# Work required:
For the entries that follow, retype exactly the lines from the one containing "Height Bar Chair" to the one containing "Prada double-breasted Cotton", inclusive, and only those. Images stay out of the copy.

(Records provided)

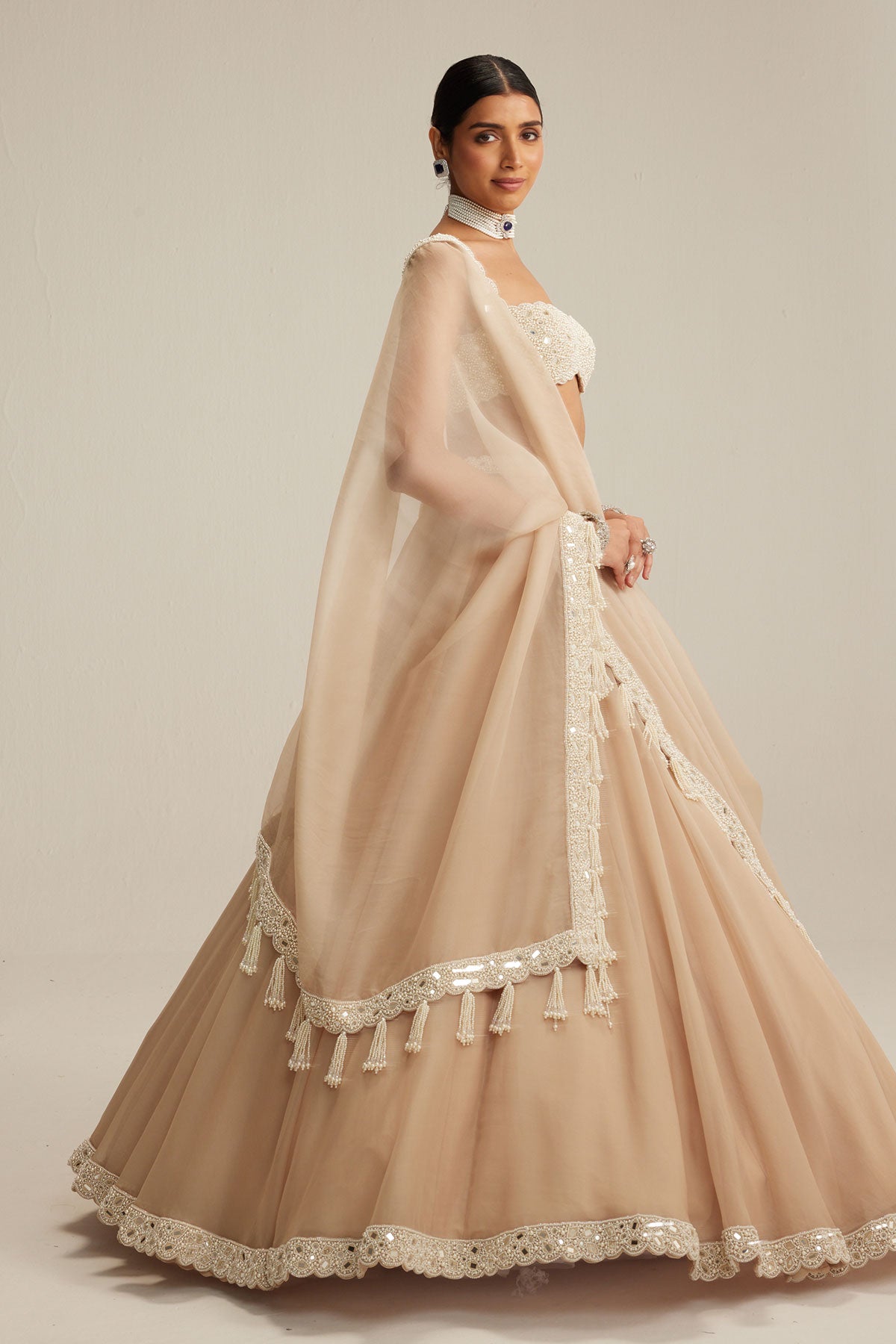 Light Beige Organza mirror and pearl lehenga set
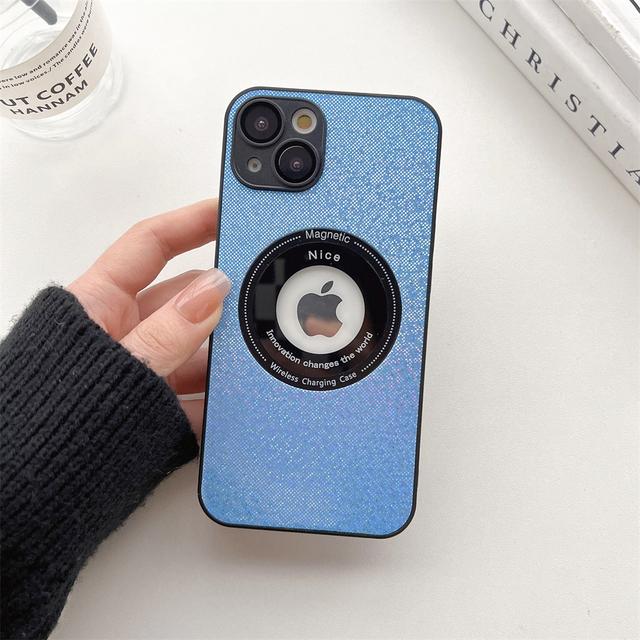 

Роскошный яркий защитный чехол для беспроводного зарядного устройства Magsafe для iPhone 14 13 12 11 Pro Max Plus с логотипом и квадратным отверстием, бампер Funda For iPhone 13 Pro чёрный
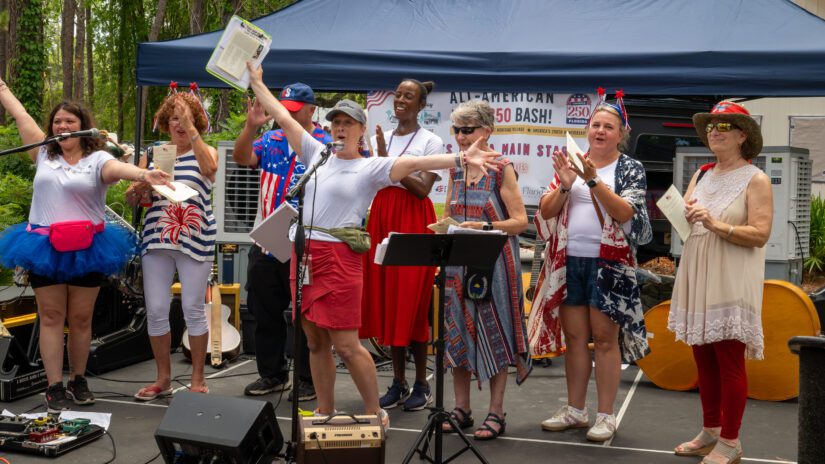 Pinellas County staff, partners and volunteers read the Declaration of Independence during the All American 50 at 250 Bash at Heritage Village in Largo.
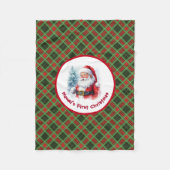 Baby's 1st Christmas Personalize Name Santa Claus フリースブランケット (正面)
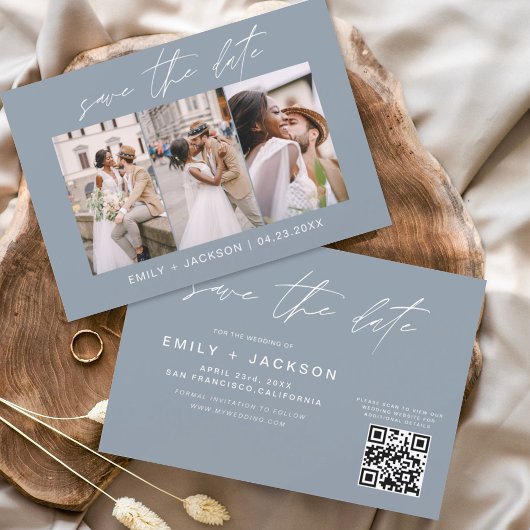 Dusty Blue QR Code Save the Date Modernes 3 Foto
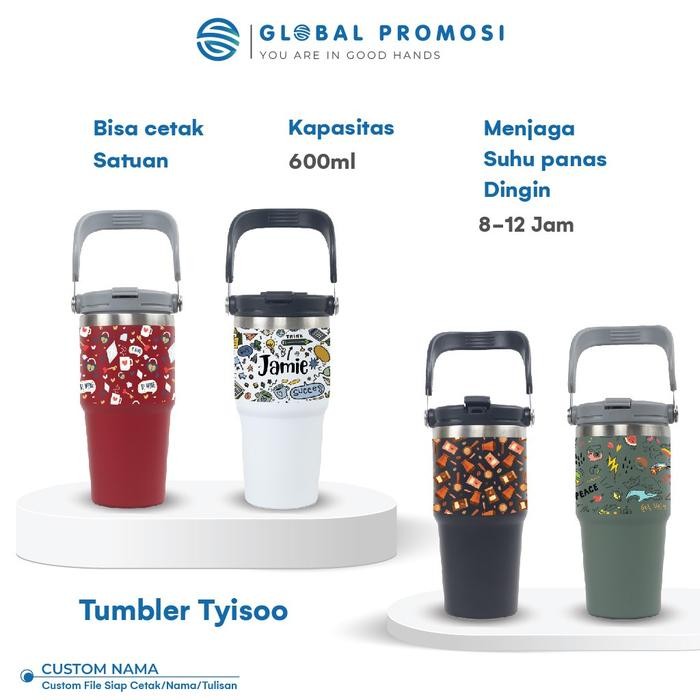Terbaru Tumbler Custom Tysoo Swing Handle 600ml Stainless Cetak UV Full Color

(End Records provided)
(Records provided)

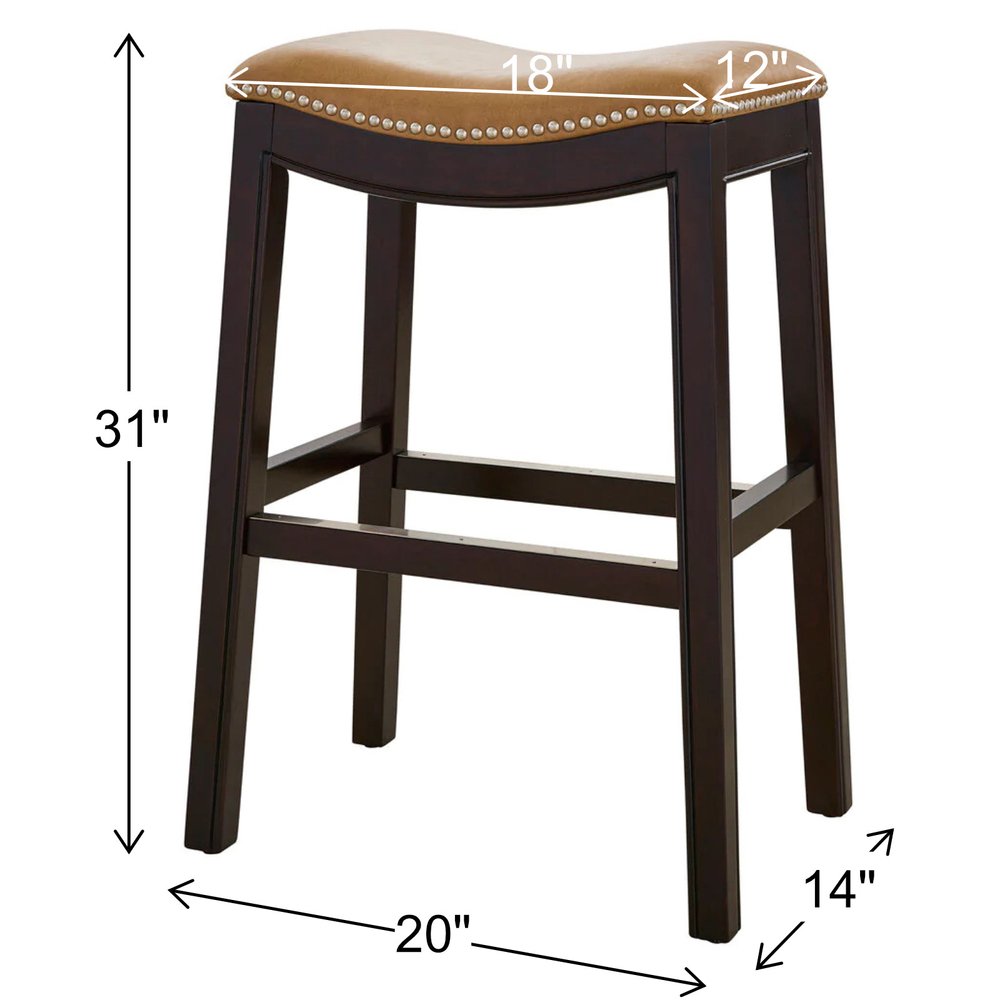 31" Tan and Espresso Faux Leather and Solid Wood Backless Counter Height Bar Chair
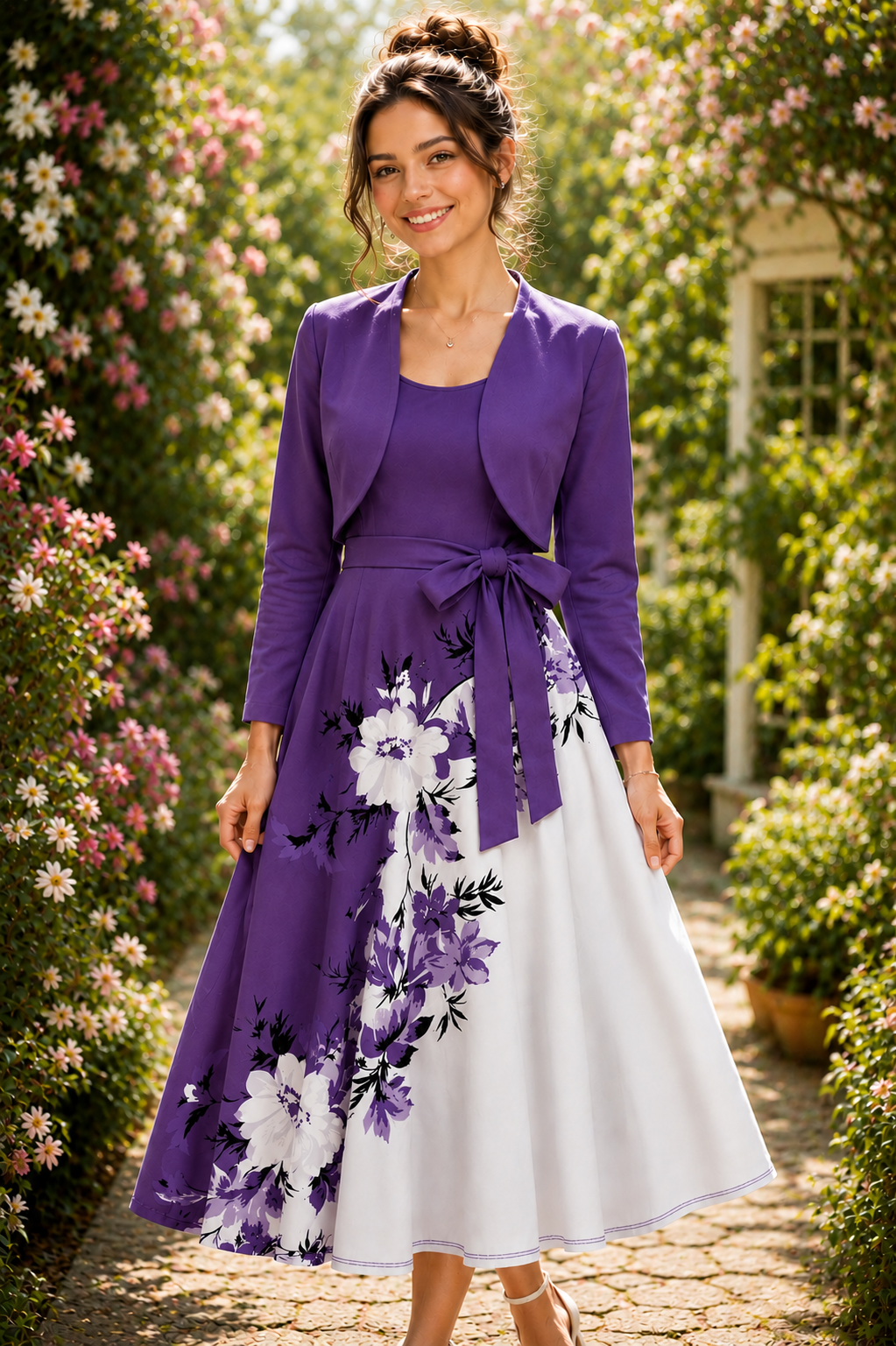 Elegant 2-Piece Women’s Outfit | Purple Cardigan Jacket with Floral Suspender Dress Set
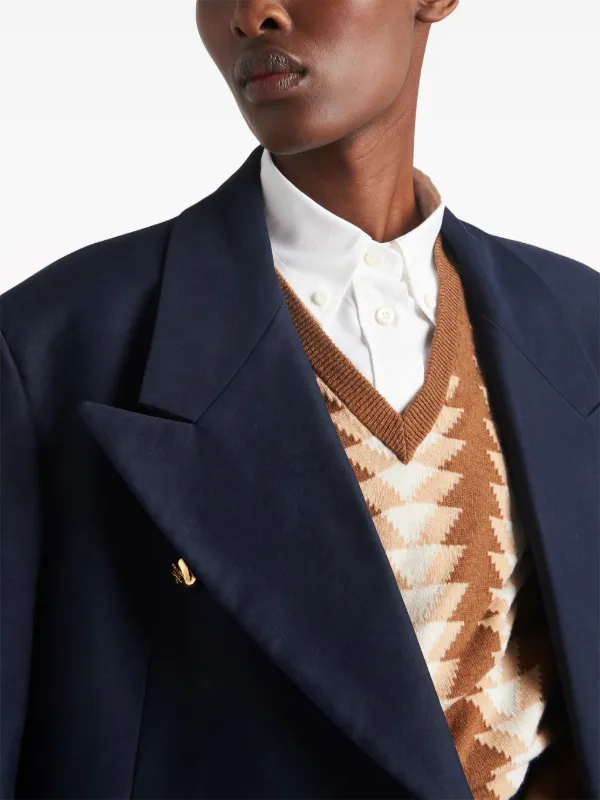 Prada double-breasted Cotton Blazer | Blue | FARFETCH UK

(End Records provided)

# Answer section:
 31" Tan and Espresso Faux Leather and Solid Wood Backless Counter Height Bar Chair
 Elegant 2-Piece Women’s Outfit | Purple Cardigan Jacket with Floral Suspender Dress Set
 Prada double-breasted Cotton Blazer | Blue | FARFETCH UK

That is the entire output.